▶ Task to complete: Go over the records and count each line that has the string "child". Give the number and nothing else.

▶ The records:
※
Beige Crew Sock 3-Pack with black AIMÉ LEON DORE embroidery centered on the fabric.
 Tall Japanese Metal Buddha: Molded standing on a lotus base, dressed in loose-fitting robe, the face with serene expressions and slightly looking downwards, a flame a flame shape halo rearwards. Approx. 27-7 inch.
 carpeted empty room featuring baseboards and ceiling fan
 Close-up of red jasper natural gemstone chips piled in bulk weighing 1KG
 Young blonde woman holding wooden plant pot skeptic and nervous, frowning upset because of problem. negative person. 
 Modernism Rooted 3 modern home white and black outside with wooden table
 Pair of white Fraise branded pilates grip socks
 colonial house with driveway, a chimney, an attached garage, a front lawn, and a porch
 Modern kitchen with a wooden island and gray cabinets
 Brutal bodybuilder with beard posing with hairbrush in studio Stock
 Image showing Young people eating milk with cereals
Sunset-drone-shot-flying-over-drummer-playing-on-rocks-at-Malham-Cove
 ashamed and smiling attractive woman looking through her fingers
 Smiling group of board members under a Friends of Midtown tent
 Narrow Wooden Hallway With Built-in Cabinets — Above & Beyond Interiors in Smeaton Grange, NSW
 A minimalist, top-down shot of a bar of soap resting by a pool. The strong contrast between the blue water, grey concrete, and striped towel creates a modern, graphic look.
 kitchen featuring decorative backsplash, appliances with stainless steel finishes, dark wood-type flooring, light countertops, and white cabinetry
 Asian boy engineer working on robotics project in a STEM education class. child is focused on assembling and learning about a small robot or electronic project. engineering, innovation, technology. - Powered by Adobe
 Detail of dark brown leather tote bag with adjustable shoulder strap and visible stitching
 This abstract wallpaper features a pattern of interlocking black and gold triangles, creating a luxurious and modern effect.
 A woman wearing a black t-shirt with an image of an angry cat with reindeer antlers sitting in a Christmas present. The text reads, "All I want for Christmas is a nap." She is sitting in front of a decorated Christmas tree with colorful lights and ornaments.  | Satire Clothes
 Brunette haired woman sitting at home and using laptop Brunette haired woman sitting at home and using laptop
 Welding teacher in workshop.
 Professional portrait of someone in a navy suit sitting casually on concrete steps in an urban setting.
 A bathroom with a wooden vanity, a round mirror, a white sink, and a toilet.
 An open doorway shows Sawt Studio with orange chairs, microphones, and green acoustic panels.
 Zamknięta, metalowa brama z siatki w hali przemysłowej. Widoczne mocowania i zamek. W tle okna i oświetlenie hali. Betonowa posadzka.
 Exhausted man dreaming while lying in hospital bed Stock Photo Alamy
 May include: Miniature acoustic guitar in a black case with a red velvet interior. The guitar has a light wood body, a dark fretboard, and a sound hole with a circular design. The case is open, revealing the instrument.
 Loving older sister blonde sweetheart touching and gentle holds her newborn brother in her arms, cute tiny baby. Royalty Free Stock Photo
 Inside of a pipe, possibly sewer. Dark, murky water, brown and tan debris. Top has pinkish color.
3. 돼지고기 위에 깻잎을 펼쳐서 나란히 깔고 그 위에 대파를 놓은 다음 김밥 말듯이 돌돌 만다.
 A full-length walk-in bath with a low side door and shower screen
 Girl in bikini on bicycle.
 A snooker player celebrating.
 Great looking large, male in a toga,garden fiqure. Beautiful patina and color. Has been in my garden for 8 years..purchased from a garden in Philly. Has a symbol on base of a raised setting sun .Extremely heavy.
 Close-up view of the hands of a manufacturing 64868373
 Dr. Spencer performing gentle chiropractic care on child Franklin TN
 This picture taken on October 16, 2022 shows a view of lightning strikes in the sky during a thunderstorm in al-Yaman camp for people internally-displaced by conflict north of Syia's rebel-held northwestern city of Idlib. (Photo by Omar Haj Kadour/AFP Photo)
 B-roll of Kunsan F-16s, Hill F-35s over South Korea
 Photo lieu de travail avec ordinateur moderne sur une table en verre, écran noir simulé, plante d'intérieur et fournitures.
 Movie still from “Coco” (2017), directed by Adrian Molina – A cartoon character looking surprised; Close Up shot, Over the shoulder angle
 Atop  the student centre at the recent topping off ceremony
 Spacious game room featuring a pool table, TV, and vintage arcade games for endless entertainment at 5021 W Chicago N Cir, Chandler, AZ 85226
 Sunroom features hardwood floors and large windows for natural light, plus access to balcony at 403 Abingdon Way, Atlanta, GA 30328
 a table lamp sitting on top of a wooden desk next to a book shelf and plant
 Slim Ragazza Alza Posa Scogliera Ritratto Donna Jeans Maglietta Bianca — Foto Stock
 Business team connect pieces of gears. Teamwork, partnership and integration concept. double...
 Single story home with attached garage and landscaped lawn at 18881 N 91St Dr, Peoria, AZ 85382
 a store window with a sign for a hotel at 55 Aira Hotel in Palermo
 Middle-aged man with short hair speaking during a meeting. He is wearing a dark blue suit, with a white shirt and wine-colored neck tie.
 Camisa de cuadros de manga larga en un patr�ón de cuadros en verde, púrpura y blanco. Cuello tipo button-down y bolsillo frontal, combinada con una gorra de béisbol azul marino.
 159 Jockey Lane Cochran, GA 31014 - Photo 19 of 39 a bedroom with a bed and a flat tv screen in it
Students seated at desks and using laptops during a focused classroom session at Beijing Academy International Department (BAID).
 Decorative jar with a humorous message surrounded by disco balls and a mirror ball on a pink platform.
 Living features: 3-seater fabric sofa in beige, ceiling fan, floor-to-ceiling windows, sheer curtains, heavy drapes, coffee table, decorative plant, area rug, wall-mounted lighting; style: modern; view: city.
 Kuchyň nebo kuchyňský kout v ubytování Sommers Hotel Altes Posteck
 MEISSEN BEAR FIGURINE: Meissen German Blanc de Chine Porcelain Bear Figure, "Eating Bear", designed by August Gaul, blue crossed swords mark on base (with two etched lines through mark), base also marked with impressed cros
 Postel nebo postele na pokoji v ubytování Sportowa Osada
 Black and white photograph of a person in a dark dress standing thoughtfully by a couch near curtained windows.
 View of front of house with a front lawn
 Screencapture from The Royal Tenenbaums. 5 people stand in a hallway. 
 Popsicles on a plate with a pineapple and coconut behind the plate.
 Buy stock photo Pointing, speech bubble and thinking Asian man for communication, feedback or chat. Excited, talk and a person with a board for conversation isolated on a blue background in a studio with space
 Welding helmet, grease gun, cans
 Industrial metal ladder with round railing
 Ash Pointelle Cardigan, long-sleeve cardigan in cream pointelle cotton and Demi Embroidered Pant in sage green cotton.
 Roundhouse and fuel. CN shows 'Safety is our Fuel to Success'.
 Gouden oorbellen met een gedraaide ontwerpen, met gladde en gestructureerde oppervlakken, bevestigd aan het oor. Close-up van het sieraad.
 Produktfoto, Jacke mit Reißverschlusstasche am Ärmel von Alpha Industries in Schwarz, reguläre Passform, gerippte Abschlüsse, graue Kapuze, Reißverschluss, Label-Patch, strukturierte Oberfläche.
※
▶ Reply to the task: 2